Major benchmarks got off to a slow start on Monday morning, as investors remained worried about the rising tensions between the U.S. and Iran. Having ignored geopolitical risk for a long time, market participants have now shifted their focus to assessing military threats even as they continue to keep trade and broader economic concerns in the back of their minds. Yet investors remained resilient, and as of 11 a.m. EST, the Dow Jones Industrial Average (DJINDICES:^DJI) had recovered from triple-digit losses to be down 75 points to 28,559. The S&P 500 (SNPINDEX:^GSPC) lost a point to 3,234, and the Nasdaq Composite (NASDAQINDEX:^IXIC) managed to gain 12 points to 9,033.
The rise in military tensions helped the gold market, and that spurred greater interest in Newmont Goldcorp (NYSE:NEM), which gave shareholders a nice reward. Meanwhile, Xerox Holdings (NYSE:XRX) said that it has managed to come up with financing sources for its ambitious takeover bid for HP (NYSE:HPQ), turning attention back to a merger that many had dismissed as unlikely.
Newmont shines up its dividend
Shares of Newmont Goldcorp were up almost 1% after the gold mining giant said it would "significantly increase" its quarterly dividend. The move came in response to favorable developments in the gold market, which is a common safe-haven play for investors fleeing the broader stock market.
Newmont said that it would deliver a whopping 79% boost to its quarterly dividend, raising it to $0.25 per share. The resulting $1 per share in annual payouts would give the gold miner a dividend yield of about 2.3%, or about a full percentage point higher than its current yield. Newmont has paid $0.14 per share over the past several quarters.
Investors had already been pleased with the way Newmont has been performing fundamentally. Not only have gold prices been moving higher, but the company has also worked hard to divest itself of non-core assets to help it drill down more squarely on its best business opportunities. Streamlining its mining assets has given Newmont a better chance of taking full advantage of higher prices in the long run.

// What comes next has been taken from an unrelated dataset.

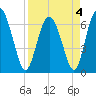 Pine Harbor tide chart for Monday, April 4, 2022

If global conflict rises, then the recent push for gold prices toward $1,600 per ounce could be just the beginning of a new move upward for the yellow metal. Strong gold would lift Newmont further, and that in turn could deliver still higher dividends in the future.
Xerox shows HP the money
Meanwhile, shares of Xerox were down almost 1%. The company known for its copiers moved forward on a previously proposed deal to acquire the much larger HP, completing a key step toward demonstrating that it's serious about its proposal.

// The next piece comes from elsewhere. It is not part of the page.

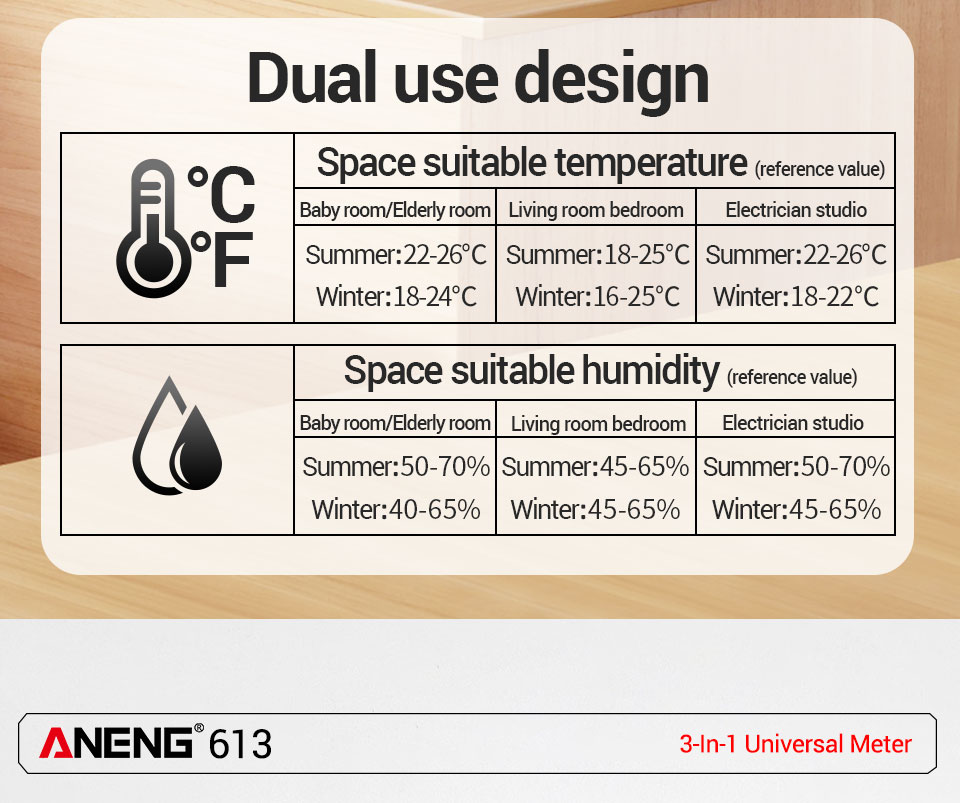 ANENG 613Pro Smart Multiméter teljes készlet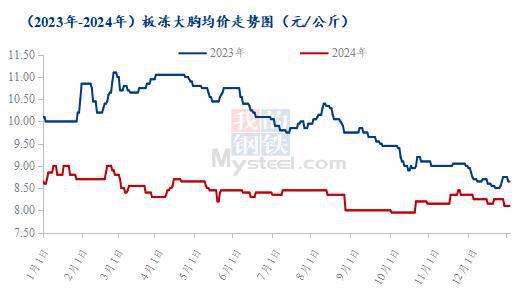 腿胸年度价格复盘及春节后走势预测开元棋牌Mysteel解读：爪翅(图4)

Xerox announced that it had secured $24 billion in binding financing commitments to complete the HP acquisition, sending a letter to leaders at HP about the news. In the letter, Xerox CEO John Visentin acknowledged that some of HP's skepticism about the previously proposed buyout was that Xerox might not be able to persuade lenders to come up with the capital necessary to complete the deal. The commitments from global banks Citigroup, Mizuho, and Bank of America were intended to counter that hesitation.
Visentin also said that he's willing to meet with HP to discuss the matter further. Yet HP investors don't seem all that excited about the news, with the stock only up about 1% Monday morning.
At this point, the primary question will be whether HP does anything to acknowledge the letter other than repeating its previous statement that the proposed acquisition price was too low. Given the struggles that tech hardware companies have had, a combination might still be the best choice for HP -- especially now that it seems that Xerox would be able to get a deal done.